I’m out in my Leithers Don’t Litter T-shirt feeling pretty self-righteous as I pick up half-empty Irn-Bru cans and dirty nappies. Out the corner of one eye I see a guy with a pitbull coming towards me. Green sports top, jeans and yellow trainers. He ducks into a doorway. Is he avoiding me? No, out he comes again and swaggers on past me. I swear under my breath. I know what he’s just done. I reach the doorway he dodged into. Sure enough, his scabby dug has left a reeking, greenish coil right outside somebody’s front door.

I feel my fists clench into balls then I’m pelting after him. He turns into Great Junction Street where I catch him up, breathless.

“You just let your dog crap in the street.”

He gives me a filthy stare and turns away, walking on. I hurry along beside him.

“I said you just let your dog crap in the street.”

“So what?”

“Are you going to clean it up?”

“Not today.”

“Go and clean it up, you dirt bucket.”

“Get out of my effing face.”

“Or what?”

“Think yir a bam jist coz yiv goat an effing litter T-shirt on?”

“Clean it up.”

“Eff off.”

I whistle with two fingers. There’s a squawk from the high flats. A herring gull swoops down from the Banana Flat, banks high in the blue sky then hurtles down.

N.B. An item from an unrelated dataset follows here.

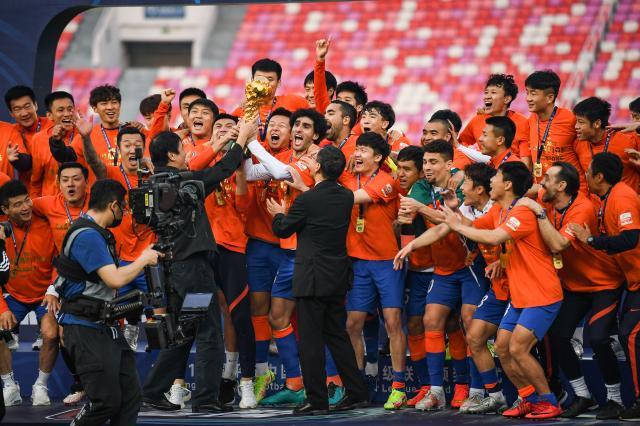 九游体育官网-中青报：靠职业联赛“自娱自乐” 未来十年谨慎乐观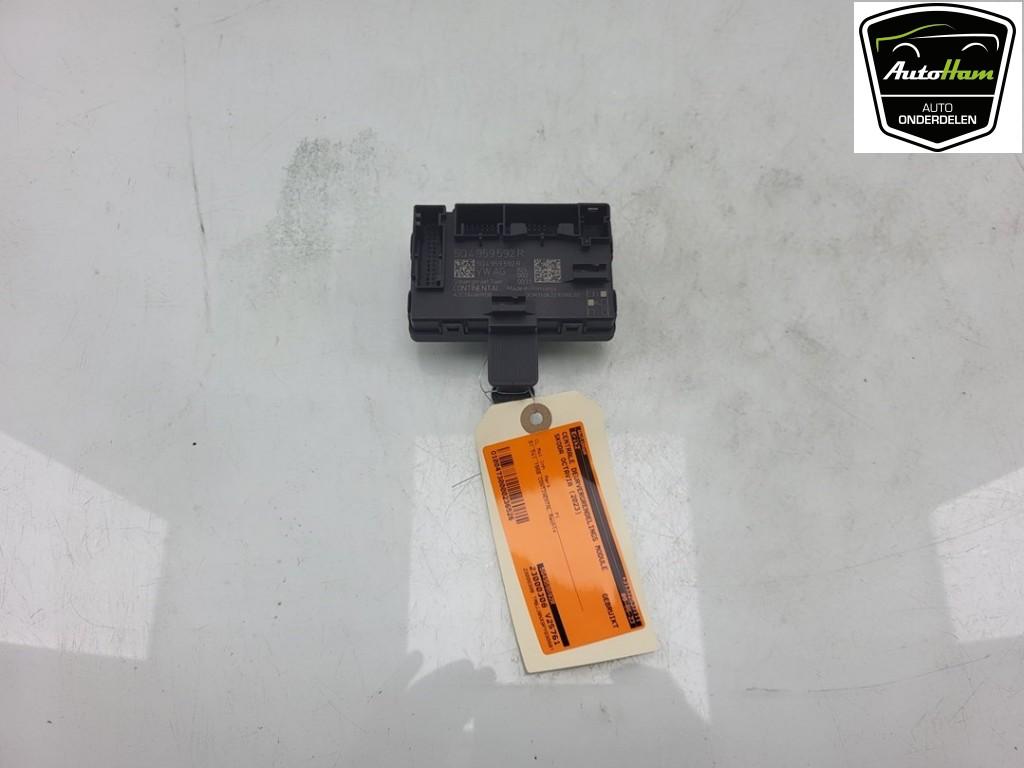 ORDINATEUR VEROUILLAGE CENTRALISE Skoda Octavia Combi (1Z5), Utilisé, Skoda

It spreads its wings wide enough to brake as it reaches Dirt Bucket’s head and expels a stream of foul, fishy manure onto his greasy hair.

“Eff off ya manky b******,” he yells, flapping his hands.

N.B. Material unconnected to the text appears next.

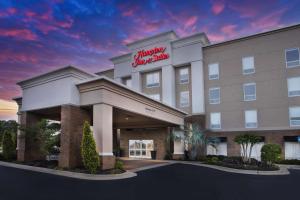 eine Einrichtung eines Hampton Gasthofs und Suiten in der Unterkunft Hampton Inn & Suites Phenix City- Columbus Area in Phenix City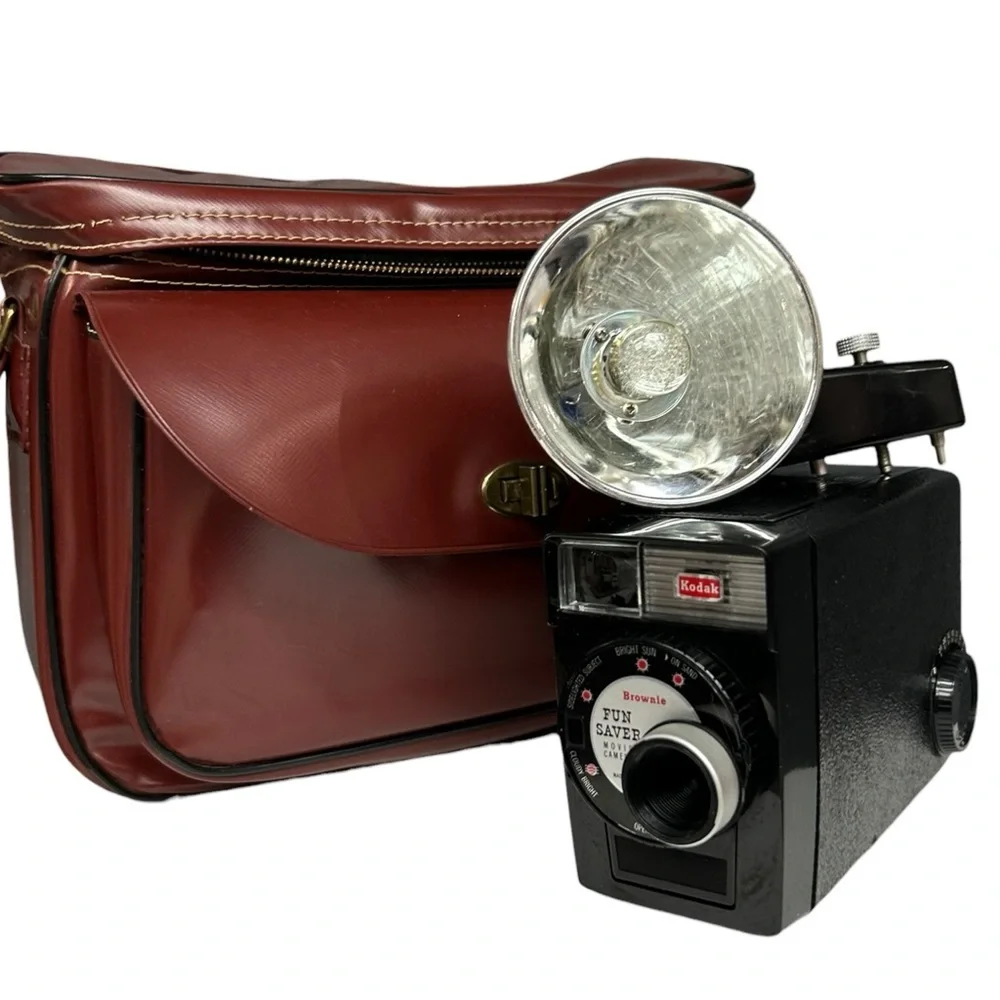 Vintage Kodak Brownie Fun Saver Movie Camera with Flash & Case 1960s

More loud squawks and screeches from above as a squadron of gulls are attracted to the commotion. They drop their payloads, splattering Dirt Bucket with evil-smelling grey and white guano.

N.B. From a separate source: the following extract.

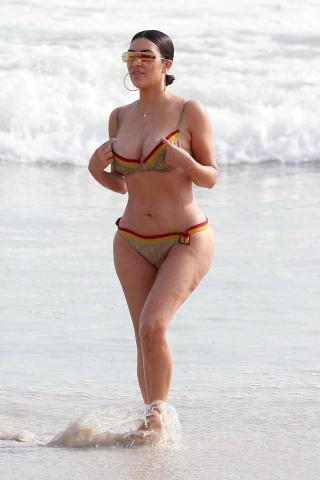 Η Kim Kardashian χωρίς καθόλου Photoshop και πέφτει το internet 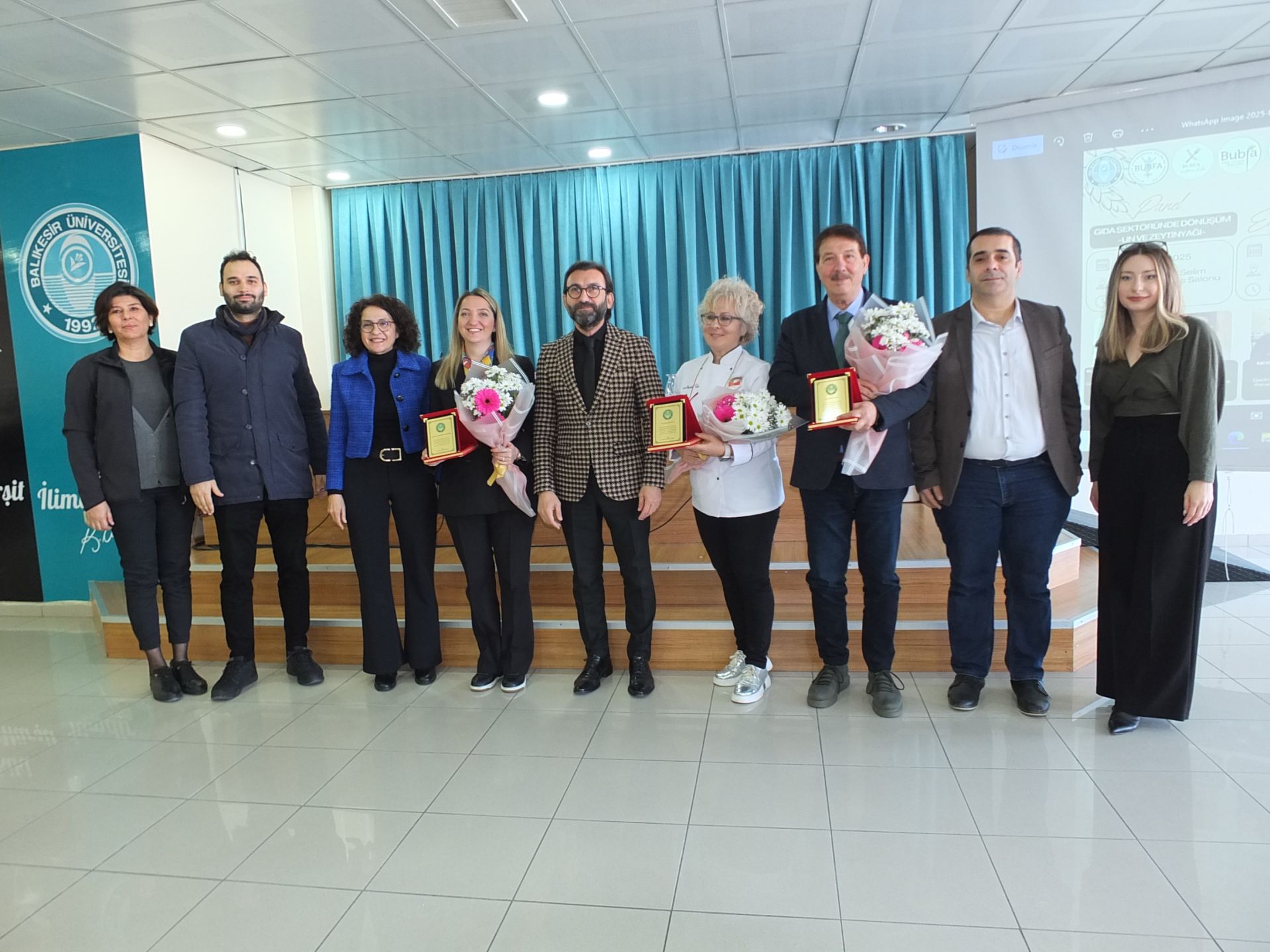 Burhaniye de Üniversite sektör buluşması ilgi gördü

“Get the dirty effers off me,” he screams. His dog starts barking as a gull lands on its back, attacking it’s flat skull with a vicious yellow beak. There are streaks of seagull poo running down Dirt Bucket’s puss now. He’s crying with fear and shame. I put my fingers into my mouth and whistle again.

The gulls break off their attack, circle upwards and head back for the high flats.

It’s cost me a fortune in fish suppers to train them but the Poo Squadron have done me proud. Distinguished Flying Crosses all round. Never in the field of human conflict etcetera etcetera.

Only some parts of this story are true. See if you can separate the fact from the fiction. I was inspired to write this piece when I went to see Irvine Welsh at the Book Festival. To find out how that went, read on.

Reality trumps this bad book

Irvine Welsh is a better writer than Dan Brown, that’s for sure. I don’t know if you ever ploughed through his best-seller The Da Vinci Code but there was never a worse book written in this world until Fifty Shades Of Grey turned up on the bestseller lists.

The climax of the Da Vinci Code happens in Rosslyn Chapel, just outside Penicuik. On a whim, we decide to visit the place. It’s a Sunday morning and it’s mobbed. We have to queue to pay our £9 admission and I hear Hungarian, Dutch, Italian and French in the queue.

The chapel is stunning. It seems as if no piece of stone carving is repeated. Gargoyles grimace down as you walk in and on the walls, the Deadly Sins are personified. Incense hangs in the air because this is a working chapel. Outside the sun warms the four hundred year-old stone and the surrounding trees are full of summer birdsong.

For a genuinely spiritual experience, don’t read the book, visit the chapel.